Negli atti dell’inchiesta della Dda, i carabinieri documentano quanto avvenuto nei giorni precedenti: «Il 15 marzo 2014 Buzzi comunica alla dottoressa Paola Varvarazzo (della prefettura di Roma ndr) che avevano perso al Tar (aggiudicazione del Cara di Castelnuovo di Porto) e la gara era stata aggiudicata alla coop Auxilium». Il giorno dopo Buzzi parla con Carminati, gli racconta del Tar e aggiunge: «Domani c’ho un appuntamento con Gianni Letta, quindi quanno mi ricapita?». È Luca Odevaine, componente del tavolo per i rifugiati, a suggerire a Buzzi gli argomenti da affrontare con Letta: «Gli si potrebbe chiedere, perché Pecoraro c’ha ferma un sacco de roba, c’ha fermo Castelnuovo di porto 100 appartamenti…Allora si può chiedere a Pecoraro che sbloccasse la situazione e Letta interverrà perché il filo c’è, se glielo dice lui si sblocca in un secondo». Il 18 Buzzi viene fotografato in via del Nazareno 8, dove ci sono gli uffici di Letta. «Domani alle sei – dice nell’intercettazione successiva a Mario Schina, collaboratore di Odevaine – vado dal prefetto». Alle 17,40 del 18 marzo il Ros lo segue fino a Palazzo Valentini. E il 19 marzo Buzzi comunica a Odevaine: «Col prefetto è andata molto bene. Gli abbiamo parlato di questo Cara di Castelnuovo di Porto…no del Cara, gli abbiamo parlato di questo immobile che c’è». E Odevaine: «Degli appartamenti». Buzzi risponde: «E lui mi ha detto: basta che il sindaco me dice di sì, io non c’ho il minimo problema, anzi la cosa è interessante, lasciatemi tutto». E Odevaine: «Gli hai detto che anche la Scotto Lavina era stata già informata?». «Sì, non c’è stato nemmeno bisogno – replica Buzzi – perché lui ha sposato subito il problema».
IN ANTIMAFIA
L’11 dicembre Pecoraro aveva spiegato in Antimafia: «È vero, ho ricevuto Buzzi, ma non sapevo nemmeno chi fosse. È venuto da me dopo che Letta mi aveva telefonato. L’ho ricevuto e ho detto no alla sua proposta che consisteva nella disponibilità di 100 appartamenti per gli immigrati di Castelnuovo di Porto.
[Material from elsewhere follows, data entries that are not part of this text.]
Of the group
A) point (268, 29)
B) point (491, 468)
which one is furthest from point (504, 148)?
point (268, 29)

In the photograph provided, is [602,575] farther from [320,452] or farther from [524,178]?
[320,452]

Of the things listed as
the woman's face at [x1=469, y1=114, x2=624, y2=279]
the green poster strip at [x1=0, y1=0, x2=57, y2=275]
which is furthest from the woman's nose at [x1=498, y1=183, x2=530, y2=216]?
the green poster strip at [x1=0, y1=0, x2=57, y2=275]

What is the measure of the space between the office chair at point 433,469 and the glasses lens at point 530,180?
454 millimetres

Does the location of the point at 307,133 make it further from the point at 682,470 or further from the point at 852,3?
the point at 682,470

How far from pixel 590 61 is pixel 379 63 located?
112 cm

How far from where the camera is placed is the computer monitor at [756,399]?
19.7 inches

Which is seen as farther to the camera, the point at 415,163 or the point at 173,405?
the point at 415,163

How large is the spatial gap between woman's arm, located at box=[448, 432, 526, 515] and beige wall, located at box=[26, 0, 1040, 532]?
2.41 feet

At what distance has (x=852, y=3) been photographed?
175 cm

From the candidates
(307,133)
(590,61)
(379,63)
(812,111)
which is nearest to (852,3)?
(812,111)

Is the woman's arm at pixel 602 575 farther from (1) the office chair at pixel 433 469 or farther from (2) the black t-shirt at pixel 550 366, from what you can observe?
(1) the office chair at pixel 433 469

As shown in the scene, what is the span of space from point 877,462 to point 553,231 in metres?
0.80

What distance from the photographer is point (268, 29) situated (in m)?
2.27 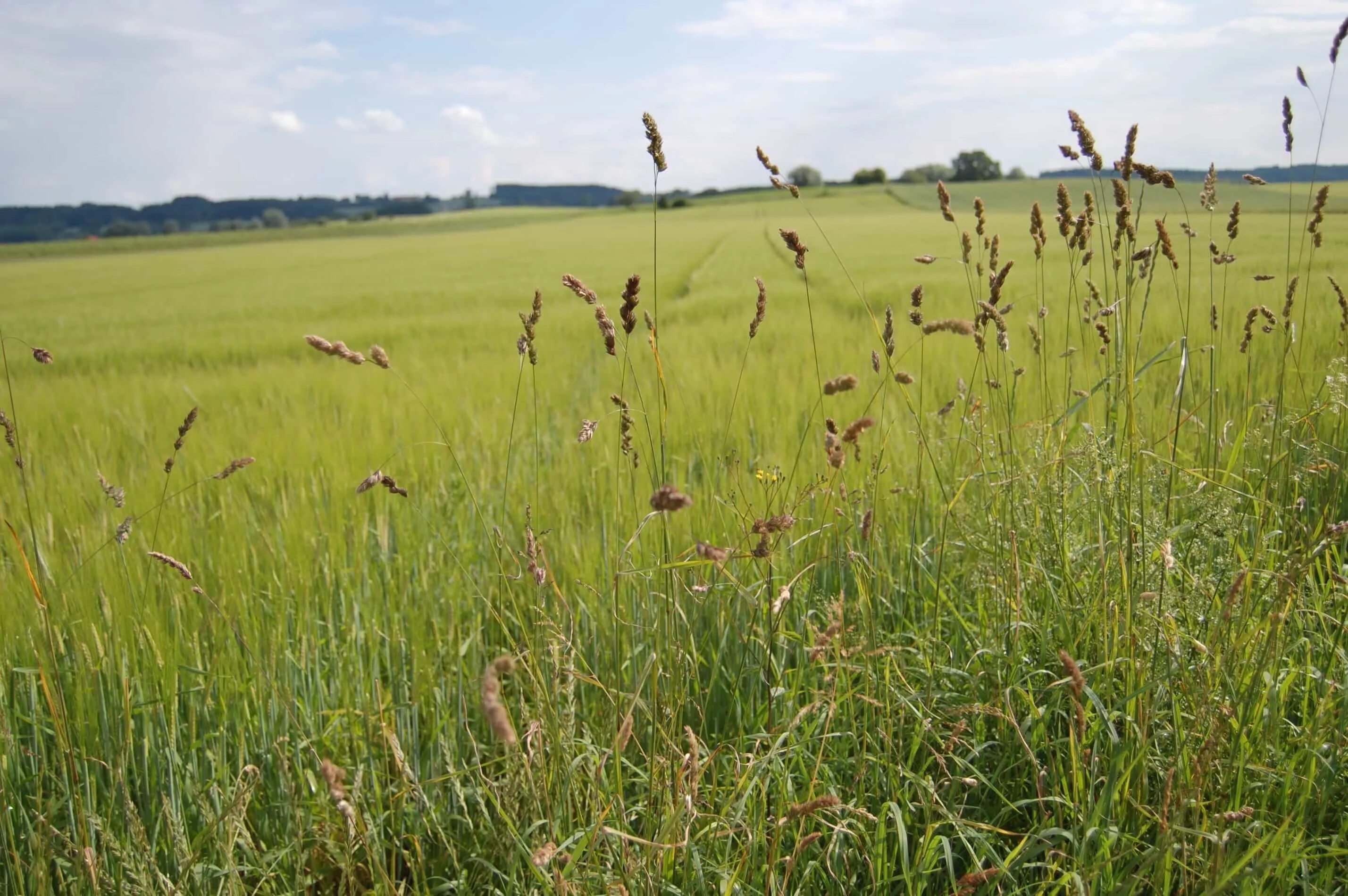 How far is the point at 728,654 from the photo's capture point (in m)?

Gli ho spiegato che lì ho già il Cara, che gli immigrati in una città così piccola sarebbero stati troppi».
LA REPLICA
Adesso il prefetto spiega: «È una lettera che abbiamo scritto a tutti i sindaci della provincia, là dove ci fosse l’offerta di posti, per una sorta di par condicio e per evitare polemiche. Personalmente ero contrario, perché a Castelnuovo c’era già il Cara e il sindaco aveva chiesto sostegni straordinari in materia di ordine pubblico. La cosa è finita lì». Il prefetto ricorda anche che, dopo gli arresti, ha chiesto al ministro Alfano lo scioglimento del Consiglio comunale di Castelnuovo di Porto.